§ Work instructions
An exact retyping of all lines below is the answer; pictures do not belong in it.

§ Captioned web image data
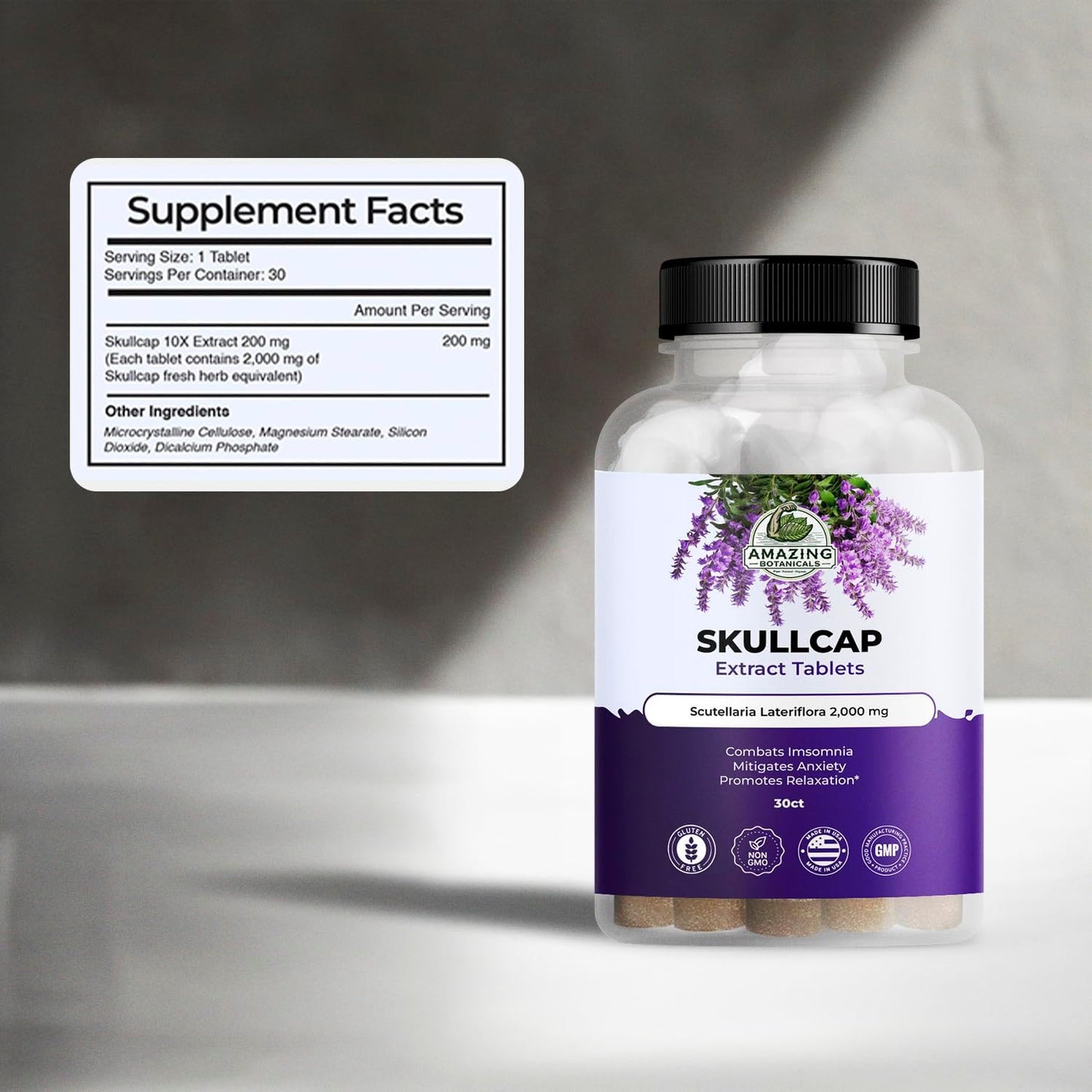 High Potency Skullcap 10X Extract Tablets - 2,000 mg - Herbal Supplement for Relaxation - 30 Tablets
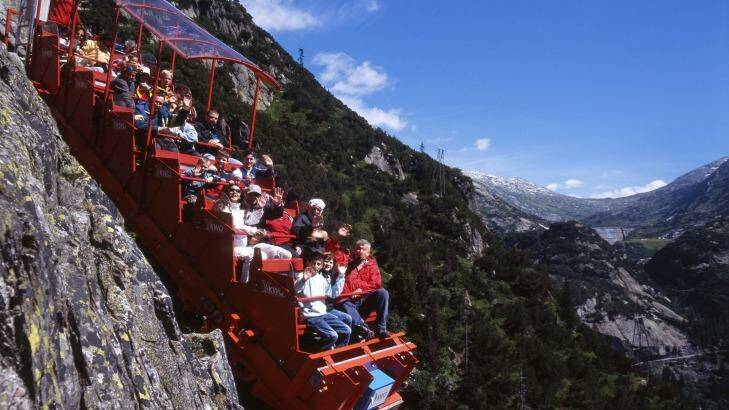 Switzerland's dizzying Gelmer Funicular Railway.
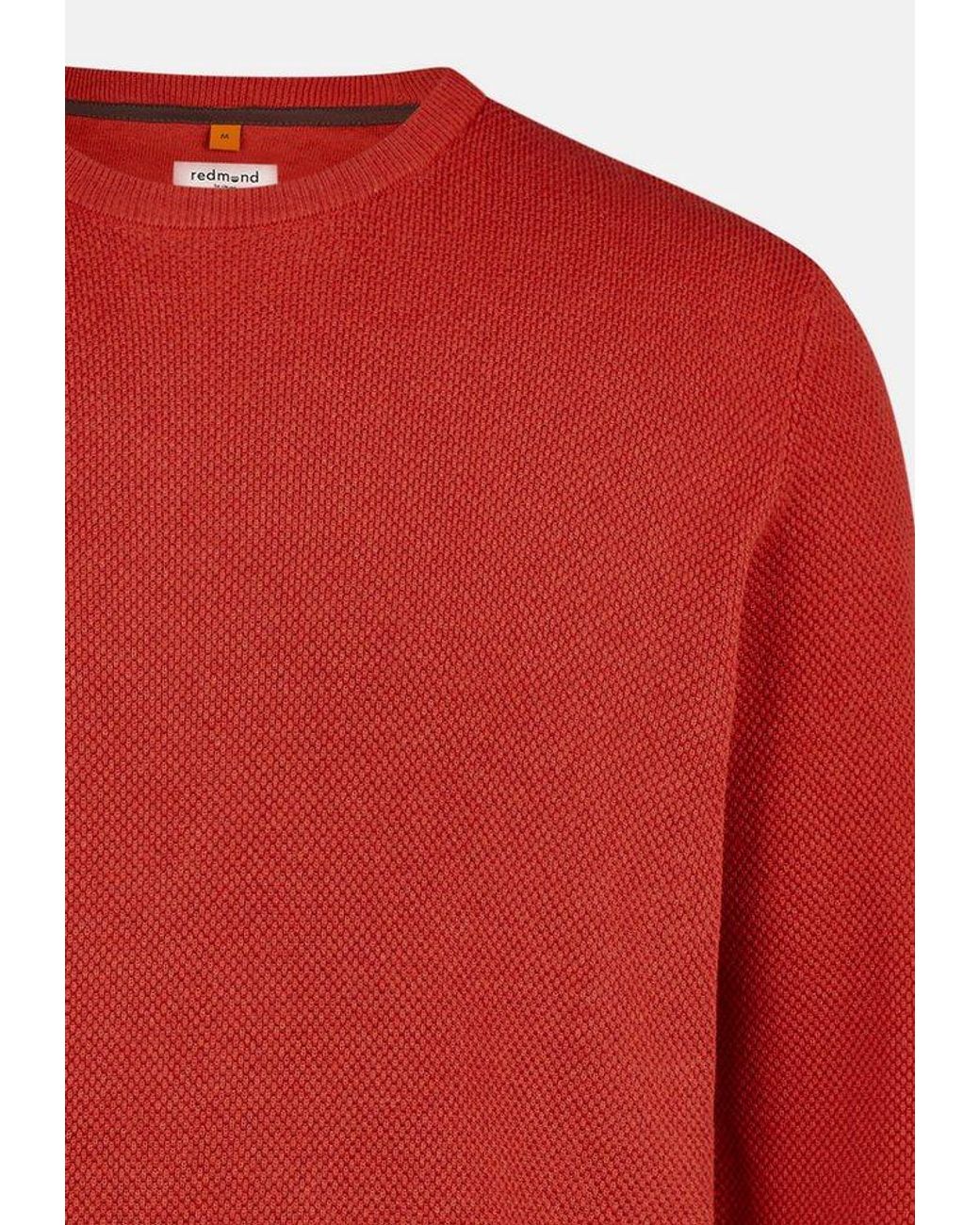 Redmond Rundhalspullover Basic (1-Tlg) Pullover in Red für Herren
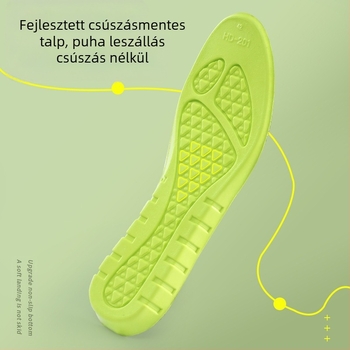 PU sporttalpák, magas rugalmasság és ütéscsillapítás, memória talp, teljes hosszúságú talp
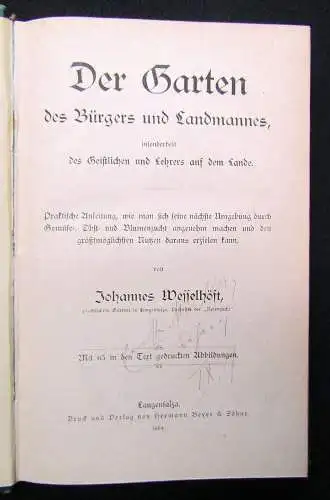 Wesselhöft Der Garten des Bürgers und des Landmannes 1884 Botanik EA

§ Problem solution
 High Potency Skullcap 10X Extract Tablets - 2,000 mg - Herbal Supplement for Relaxation - 30 Tablets
 Switzerland's dizzying Gelmer Funicular Railway.
 Redmond Rundhalspullover Basic (1-Tlg) Pullover in Red für Herren
 PU sporttalpák, magas rugalmasság és ütéscsillapítás, memória talp, teljes hosszúságú talp
 Wesselhöft Der Garten des Bürgers und des Landmannes 1884 Botanik EA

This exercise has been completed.